Vielmehr hätte ich gewünscht, dass man sich für mich freut. Von meiner Familie hätte ich es erwartet. Wenn mein Neffe mich zumindest bewundern und damit meine Leistung würdigen würde.

Neid ist schrecklich. Neid steht für die Frage “Warum du, warum nicht ich?”. *Neid* erkennt nicht an, dass man sich etwas *erarbeitet* hat. Und – das ist vielleicht das schlimmste – derjenige, der Neid äussert, verschließt die Augen vor den Ursachen des Erfolgs. Wenn man einen Bergsteiger darum beneidet, dass er einen hohen Berg gestiegen hat, wird man kaum in der Lage sein, von ihm zu lernen, um selbst irgendwann in der Lage zu sein, den Berg zu erklimmen.

Neid ist hässlich. Für den Neider wie den Beneideten.

Das hässliche Haus I

2014shs

Der Vater hat dem Sohn eine Wohnung gekauft. In Berlin, da hat der Sohn an der Kunsthochschule studiert. Und der Sohn hat sich gefreut. Er hat sich für den Vater gefreut, weil der sein Leben lang gearbeitet hat und nun eine Wohnung besitzen konnte, in der neuen Hauptstadt. Er hat sich über die Geste gefreut, dass der Vater für den Sohn sorgt, denn für wen, wenn nicht für den Sohn hätte die Wohnung später sein sollen? Der Sohn hat sich nicht über die Wohnung gefreut, denn das Haus, in dem die Wohnung war, war hässlich.

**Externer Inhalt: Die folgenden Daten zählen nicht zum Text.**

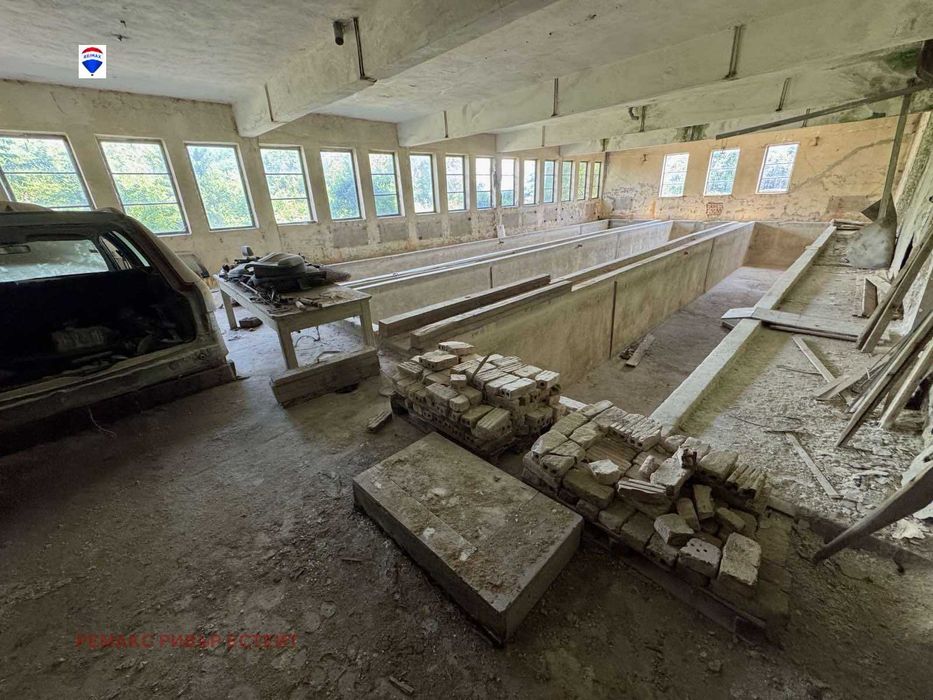 Продава се Промишлена сграда в с. Пиргово, Област Русе - 1424 кв.м за 245 €/кв.м - Снимка #7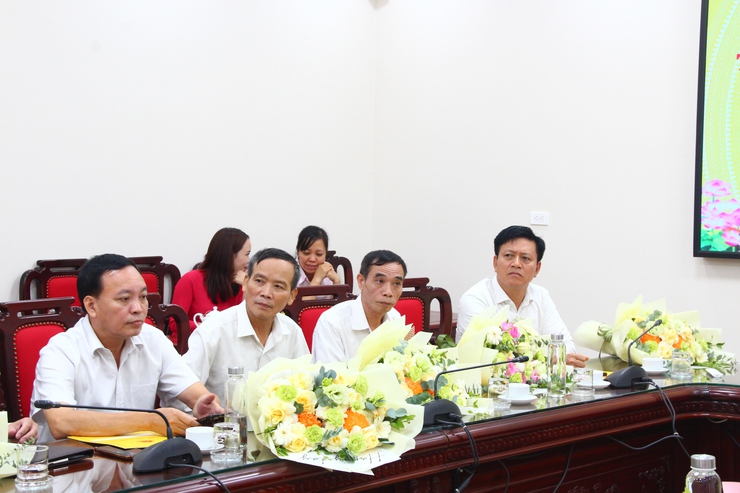 Xã Thạch Thất trao quyết định cho cán bộ, công chức, viên chức nghỉ hưu, nghỉ hưởng chế độ theo Nghị định số 178/2024/NĐ-CP.- Ảnh 16.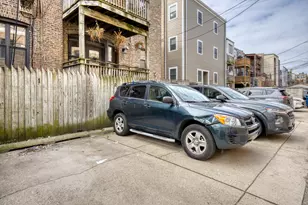 846 W Newport Ave, Chicago, IL 60657 - Photo 17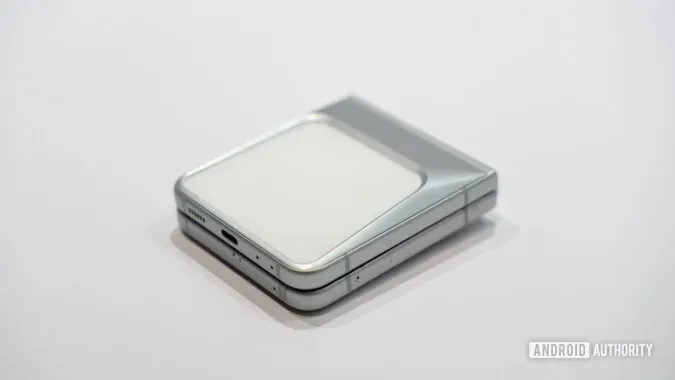 這款產品風格強烈的概念機,可預期一上手就會相當吸引眼球;但估計因採用這款設計後,過於厚重機身跟較細小外屏規格,未必符合市場偏好而最終未予採納。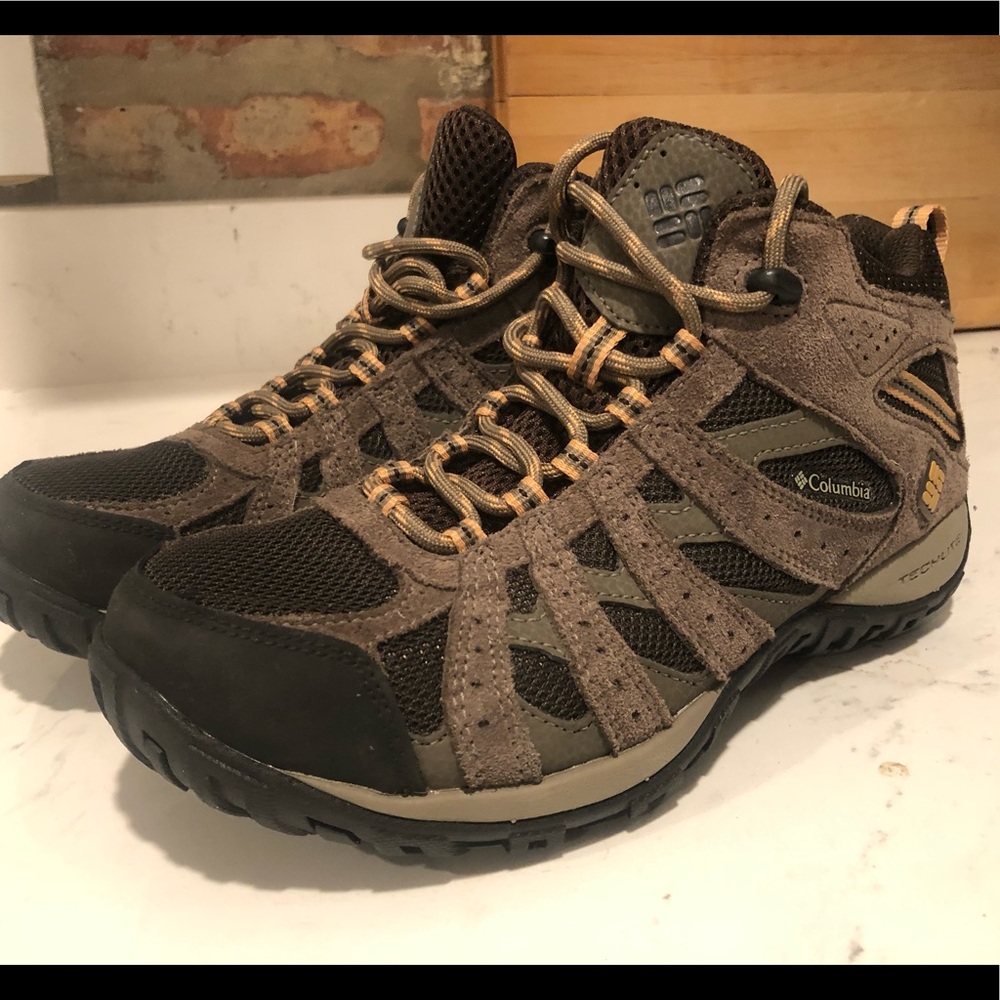 Columbia hiking boots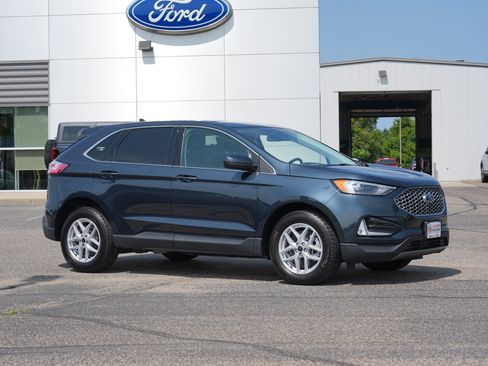 Used 2024 Ford Edge SEL w/ Convenience Package AWD/4WD image 2
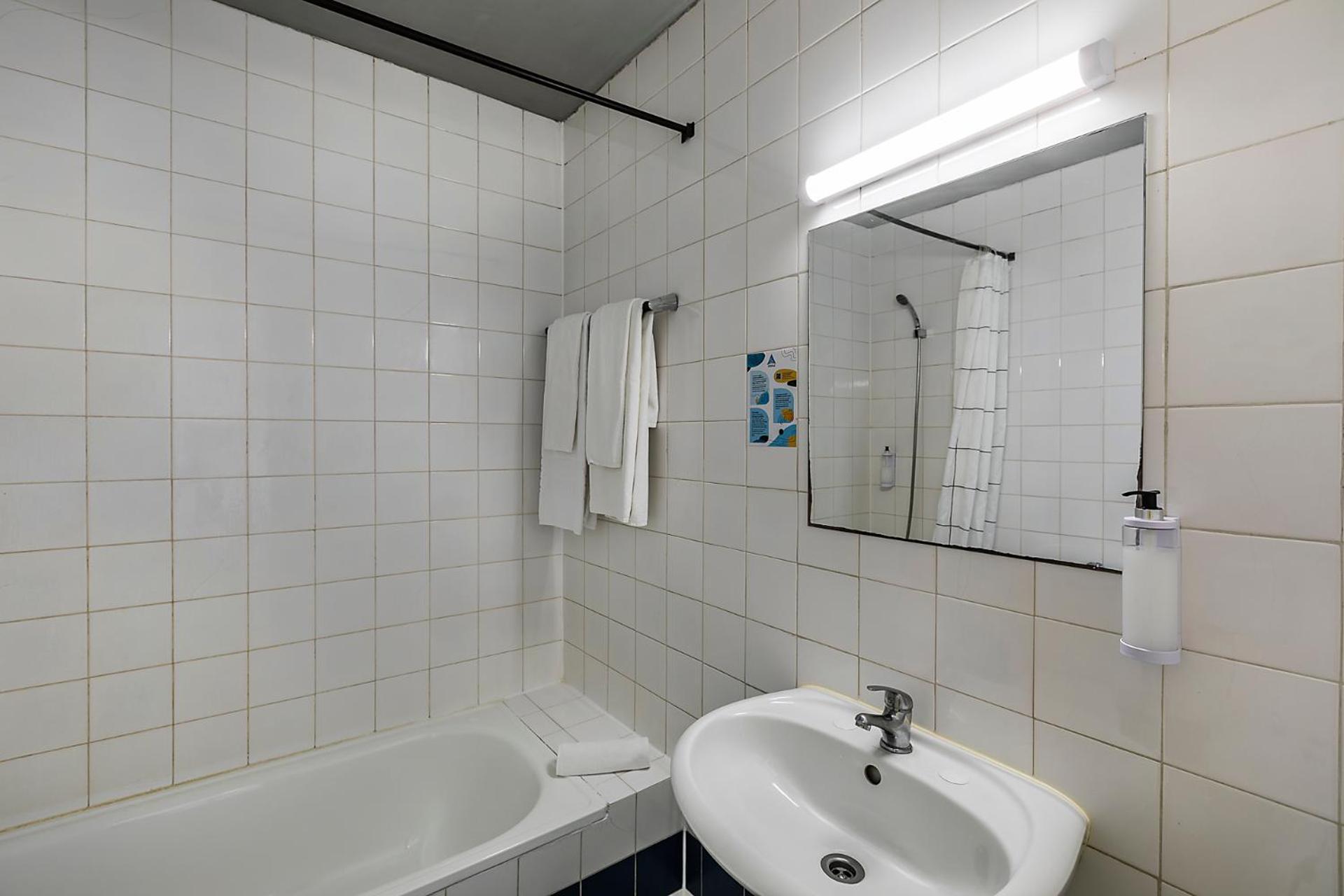 Quarto Twin com Casa de Banho Privativa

Obendrein, wie es damals wohl nur in Berlin sein konnte, lag die Wohnung zwar mitten in der Stadt, doch gleichzeitig im Nirgendwo “Wo ziehst Du hin?” haben die Freunde des Sohnes gefragt – und als, nach vielen Jahre ein Café eröffnete hieß es: “Am Ende der Welt”.

Der Sohn hat dem Vater Miete bezahlt und es war die Miete, die man damals zahlen musste, wenn man in Berlin Mitte in einen Neubau zog. Nur wenige Leute taten das und die wenigen kamen aus Bonn und waren nur unter der Woche in der Stadt. Das mit der Miete ging für den Sohn schon in Ordnung, denn die Wohnung war mit besonderen steuerlichen Vergünstigungen gekauft, wie es sie nur damals, wenige Jahre nach der Wiedervereinigung gab. Aufbau Ost hiess das Motto und das Finanzamt konnte es nicht zulassen, dass ein Vater den eigenen Sohn zu besonderen Konditionen in der Wohnung wohnen lässt. Und das Finanzamt war damals auch besonders streng. So sagte der Vater, und der musste es wissen, denn der Vater war Steuerberater. Der Sohn sah, wie seine Freunde die herrlichsten 120 qm Altbauwohnungen bezogen und nur die Hälfte seiner Miete zahlten. “Aber wir haben eine Tiefgarage!” versuchte der Sohn seine Freundin zu überzeugen, die zwar in die Wohnung mit einzog, aber nicht für sehr lange. Nur einmal hatte der Vater seinen Sohn vorher gefragt, welche Wohnung er denn kaufen würde. Als der, ohne viel zu überlegen “eine renovierte Altbauwohnung im Prenzlauer Berg” zurückgab wurde die Idee schnell abgetan, mit Verweis auf feuchte Keller, alte Bausubstanz und Neubauförderung.

Der Vater verhielt sich damals ganz anders als anonyme Immobilienspekulanten, die da Wohnungen kauften, wohin Kunststudenten zeigten. Der Vater hielt nicht viel vom Immobilienverstand von Kunststudenten.

Der Sohn fügte sich und war gerührt, ob der Vorsorge, denn er verstand, dass der Vater das Beste tat, was er konnte.